History of The MBTA - MTA Incorporation and Takeovers

MTA Incorporation and Takeovers

In 1947, the newly-formed Metropolitan Transportation Authority (MTA) purchased and took over subway, elevated, streetcar, and bus operations from the Boston Elevated Railway. The original MTA district consisted of 14 cities and towns — Arlington, Belmont, Boston, Brookline, Cambridge, Chelsea, Everett, Malden, Medford, Milton, Newton, Revere, Somerville and Watertown.

The last two streetcar lines running into the Pleasant Street Portal of the Tremont Street Subway were substituted with buses in 1953 and 1962, and the portal has since been covered over by a public park.

Between 1952 and 1954, the Revere Extension (now part of the Blue Line) opened to Wonderland, mostly along the former narrow-gauge Boston, Revere Beach and Lynn Railroad right-of-way.
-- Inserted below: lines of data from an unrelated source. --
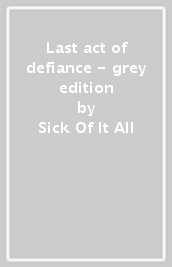 Last act of defiance - grey edition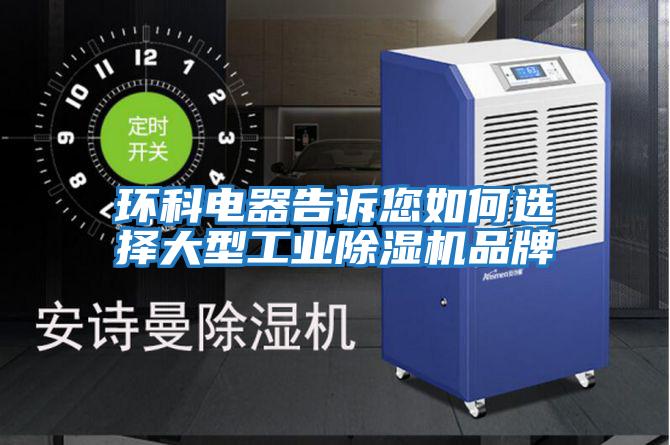 環(huán)科電器告訴您如何選擇大型工業(yè)除濕機(jī)品牌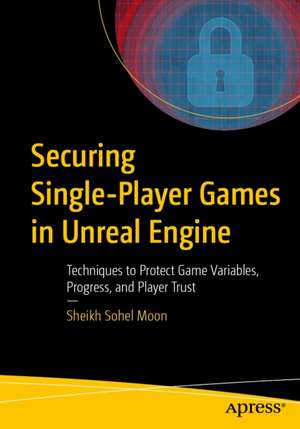 Securing Single-Player Games in Unreal Engine de Sheikh Sohel Moon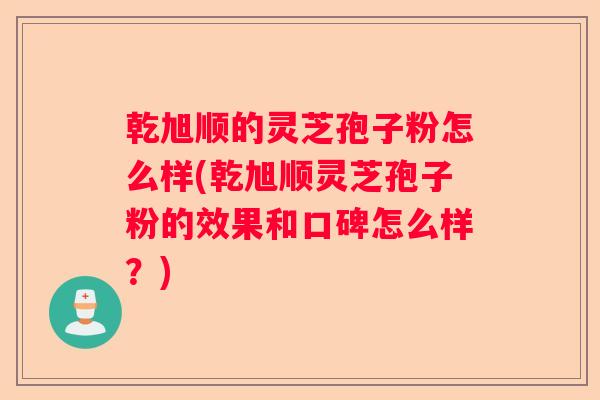乾旭顺的灵芝孢子粉怎么样(乾旭顺灵芝孢子粉的效果和口碑怎么样？)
In 1959, MTA streetcar service opened on what is now the Riverside Green Line "D" Branch, connecting to the Boylston Street Subway and using trackage purchased from the New York Central Railroad, which had stopped running on the line the previous year. The new service required much more rolling stock than expected, due to heavy ridership.

Also in 1959, with the opening of the Southeast Expressway, the New York, New Haven and Hartford Railroad halted passenger service on the former Old Colony Railroad lines. Replacement rapid transit service was promised. but did not open until nearly a decade later.